Variant of Lola, a Spanish diminutive of Dolores meaning 'sorrows,' also associated with the Virgin Mary.
Lolah is a warmly unconventional spelling of Lola, itself a Spanish diminutive of Dolores — a name whose full form, María de los Dolores ("Mary of the Sorrows"), honors one of the most poignant of the Virgin Mary's devotional titles. The tradition of shortening Dolores to Lola was so prevalent in 19th-century Spain that "la Lola" became practically a type: the vivacious, dark-eyed flamenco dancer, the spirit of Andalusian femininity unconstrained.
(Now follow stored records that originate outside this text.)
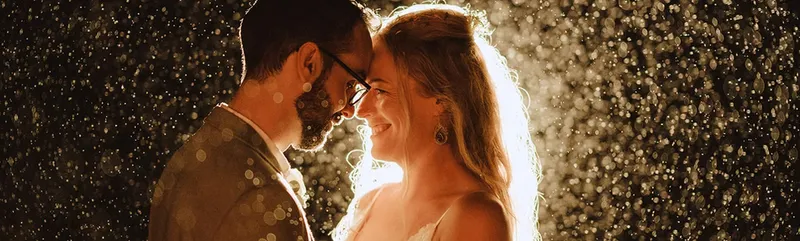 Tim Kelly - Marriage Celebrant + MC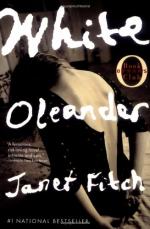 White Oleander: A Review by Janet Fitch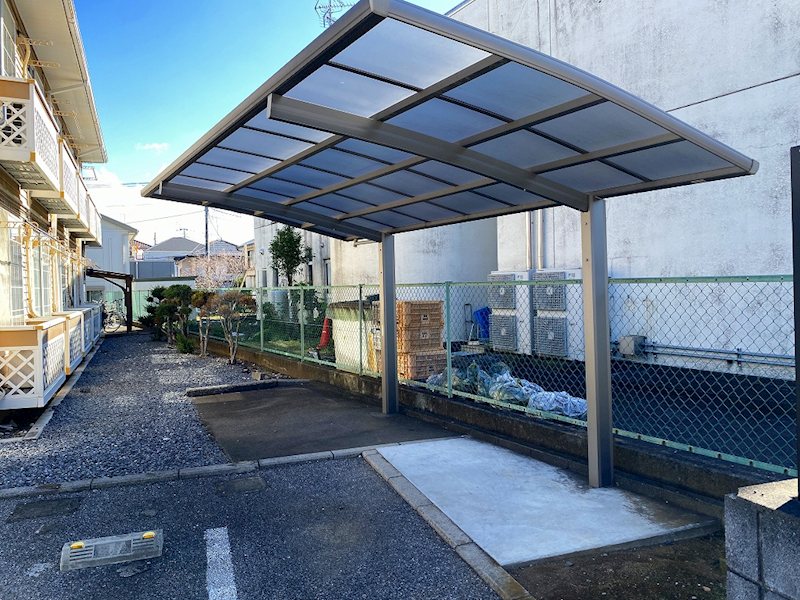 パレスWING その他7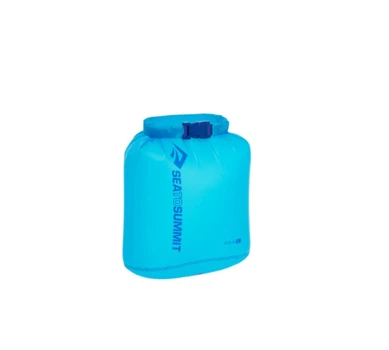 Гермочехол Sea to Summit Ultra-Sil Dry Bag, 3 л Блакитний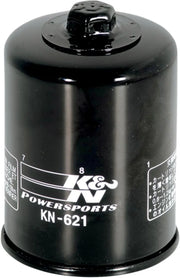 K & N Performance Oil Filter
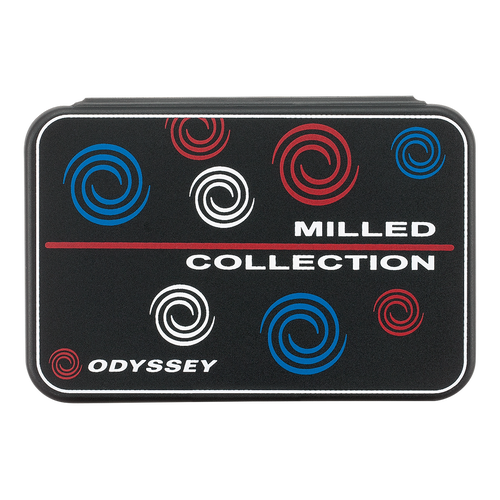 Milled Collection Putter Wrench Kit - View 1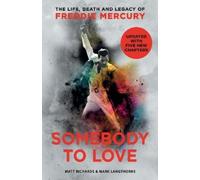 Mark Langthorne Matt Richards Somebody to Love (Tascabile)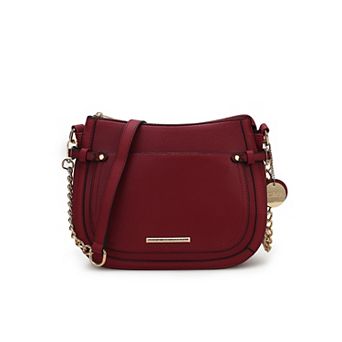 MKF Collection Raelynn Shoulder Bag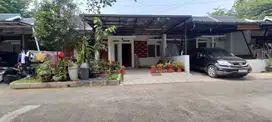 Rumah Termurah di Cluster Antapani Bandung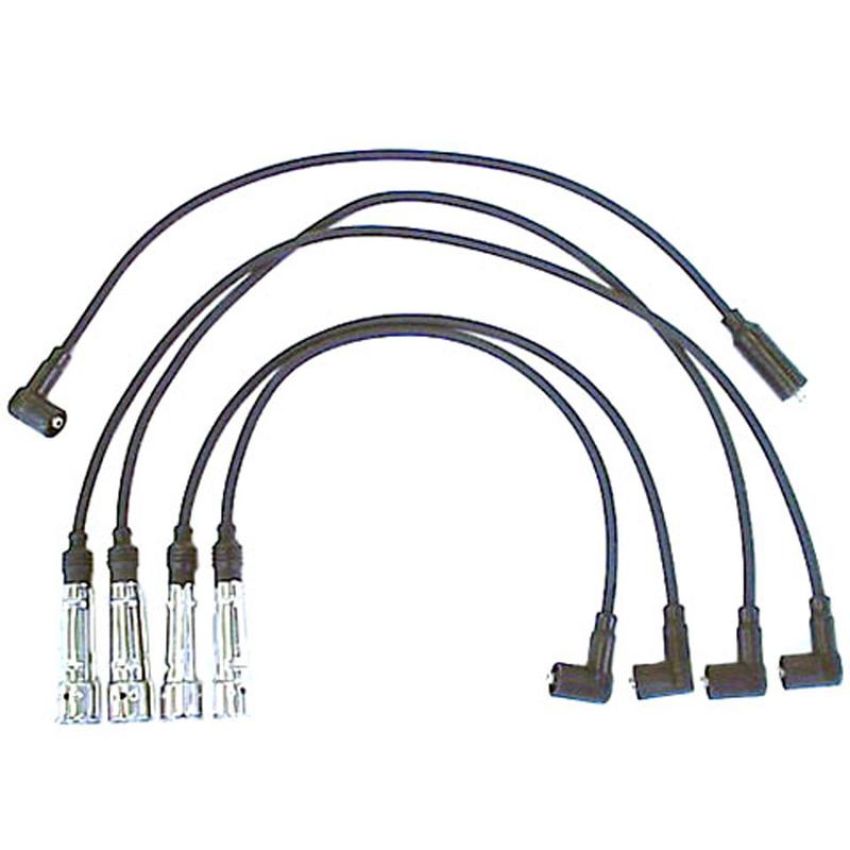 Denso 671-4102 IGN WIRE SET-7MM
That archetype was both celebrated and sensationalized in European art, most famously in Henri Toulouse-Lautrec's cabaret posters and in the figure of Lola Montez, the Irish-born dancer whose affairs scandalized half the crowned heads of Europe in the 1840s. Vladimir Nabokov's 1955 novel "Lolita" gave the name a complicated literary shadow for decades, but popular culture has largely reclaimed it through figures like Lola Bunny, the character from "Space Jam," and the Kinks' 1970 hit "Lola." The variant spelling Lolah adds a soft, almost dreamy trailing breath to the name, echoing the aesthetic of names like Delilah and Elorah. In the 2010s and 2020s, Lola surged back into fashion charts in the UK, Australia, and the United States, shedding its "retro-exotic" associations and settling into something simply joyful — a name that sounds like a laugh and lands like a hug.